Crawled caption data:

---------------

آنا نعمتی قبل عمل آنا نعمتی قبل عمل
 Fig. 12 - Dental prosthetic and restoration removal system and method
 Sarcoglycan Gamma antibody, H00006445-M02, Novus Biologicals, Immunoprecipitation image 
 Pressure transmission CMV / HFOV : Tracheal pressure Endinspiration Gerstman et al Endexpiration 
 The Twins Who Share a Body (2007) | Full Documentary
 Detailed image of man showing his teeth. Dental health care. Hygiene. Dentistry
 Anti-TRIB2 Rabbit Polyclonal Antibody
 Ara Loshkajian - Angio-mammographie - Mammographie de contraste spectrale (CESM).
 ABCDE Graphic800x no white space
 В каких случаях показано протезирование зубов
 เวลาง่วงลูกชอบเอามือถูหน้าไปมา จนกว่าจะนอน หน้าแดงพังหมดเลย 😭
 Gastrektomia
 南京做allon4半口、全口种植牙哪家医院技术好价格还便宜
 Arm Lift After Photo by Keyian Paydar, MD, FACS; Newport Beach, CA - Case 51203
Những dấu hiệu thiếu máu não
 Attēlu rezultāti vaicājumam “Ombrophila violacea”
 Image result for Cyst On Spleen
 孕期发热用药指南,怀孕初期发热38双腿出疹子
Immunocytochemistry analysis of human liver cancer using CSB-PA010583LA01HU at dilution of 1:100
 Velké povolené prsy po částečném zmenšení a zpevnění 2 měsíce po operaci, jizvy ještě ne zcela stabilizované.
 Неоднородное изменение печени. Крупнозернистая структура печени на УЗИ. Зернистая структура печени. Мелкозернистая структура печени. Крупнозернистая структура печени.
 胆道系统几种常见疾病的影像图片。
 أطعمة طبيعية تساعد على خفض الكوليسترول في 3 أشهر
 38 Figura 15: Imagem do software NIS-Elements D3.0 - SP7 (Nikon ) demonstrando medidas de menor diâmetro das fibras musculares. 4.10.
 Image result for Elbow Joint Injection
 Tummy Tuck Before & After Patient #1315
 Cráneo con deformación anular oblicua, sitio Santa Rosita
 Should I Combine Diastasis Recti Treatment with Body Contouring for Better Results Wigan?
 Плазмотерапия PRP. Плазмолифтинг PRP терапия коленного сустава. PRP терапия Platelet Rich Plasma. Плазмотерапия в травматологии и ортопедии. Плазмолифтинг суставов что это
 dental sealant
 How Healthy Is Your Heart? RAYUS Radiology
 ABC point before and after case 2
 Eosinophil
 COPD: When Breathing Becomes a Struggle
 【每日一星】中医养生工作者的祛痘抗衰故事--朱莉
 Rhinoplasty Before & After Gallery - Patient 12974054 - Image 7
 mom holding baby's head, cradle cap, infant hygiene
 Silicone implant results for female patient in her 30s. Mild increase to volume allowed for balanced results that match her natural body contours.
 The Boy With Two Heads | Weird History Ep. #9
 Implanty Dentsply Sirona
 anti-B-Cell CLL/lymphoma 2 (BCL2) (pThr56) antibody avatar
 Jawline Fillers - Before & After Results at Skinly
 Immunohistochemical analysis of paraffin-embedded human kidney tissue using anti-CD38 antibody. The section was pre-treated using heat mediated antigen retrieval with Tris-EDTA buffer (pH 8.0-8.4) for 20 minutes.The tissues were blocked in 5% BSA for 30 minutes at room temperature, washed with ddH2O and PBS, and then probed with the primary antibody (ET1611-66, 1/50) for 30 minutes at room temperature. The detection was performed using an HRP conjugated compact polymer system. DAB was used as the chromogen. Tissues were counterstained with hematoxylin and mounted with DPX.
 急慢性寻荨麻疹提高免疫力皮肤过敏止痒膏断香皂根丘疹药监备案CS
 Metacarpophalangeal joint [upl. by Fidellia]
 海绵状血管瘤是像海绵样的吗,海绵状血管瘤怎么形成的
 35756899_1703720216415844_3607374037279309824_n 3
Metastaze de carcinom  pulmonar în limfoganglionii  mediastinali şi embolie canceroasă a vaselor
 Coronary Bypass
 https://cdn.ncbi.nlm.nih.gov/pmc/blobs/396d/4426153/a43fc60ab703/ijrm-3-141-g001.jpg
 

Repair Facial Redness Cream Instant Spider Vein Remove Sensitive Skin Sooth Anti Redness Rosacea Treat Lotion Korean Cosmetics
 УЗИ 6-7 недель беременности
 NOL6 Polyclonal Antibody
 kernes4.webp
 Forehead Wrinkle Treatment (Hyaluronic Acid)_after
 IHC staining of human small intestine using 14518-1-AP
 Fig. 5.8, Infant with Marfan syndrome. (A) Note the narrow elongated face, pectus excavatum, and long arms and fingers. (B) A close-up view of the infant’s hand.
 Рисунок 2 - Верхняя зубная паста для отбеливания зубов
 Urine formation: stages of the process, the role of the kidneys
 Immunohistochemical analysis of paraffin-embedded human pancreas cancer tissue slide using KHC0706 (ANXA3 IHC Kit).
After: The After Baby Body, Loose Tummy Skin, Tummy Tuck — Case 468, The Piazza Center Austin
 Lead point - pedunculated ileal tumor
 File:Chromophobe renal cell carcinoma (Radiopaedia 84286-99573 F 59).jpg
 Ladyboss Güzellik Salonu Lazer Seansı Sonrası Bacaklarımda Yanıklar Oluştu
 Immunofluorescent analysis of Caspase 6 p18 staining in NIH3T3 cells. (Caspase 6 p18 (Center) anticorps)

---------------

Search the data above for the string "зубов". Report every line where it is found.

 В каких случаях показано протезирование зубов
 Рисунок 2 - Верхняя зубная паста для отбеливания зубов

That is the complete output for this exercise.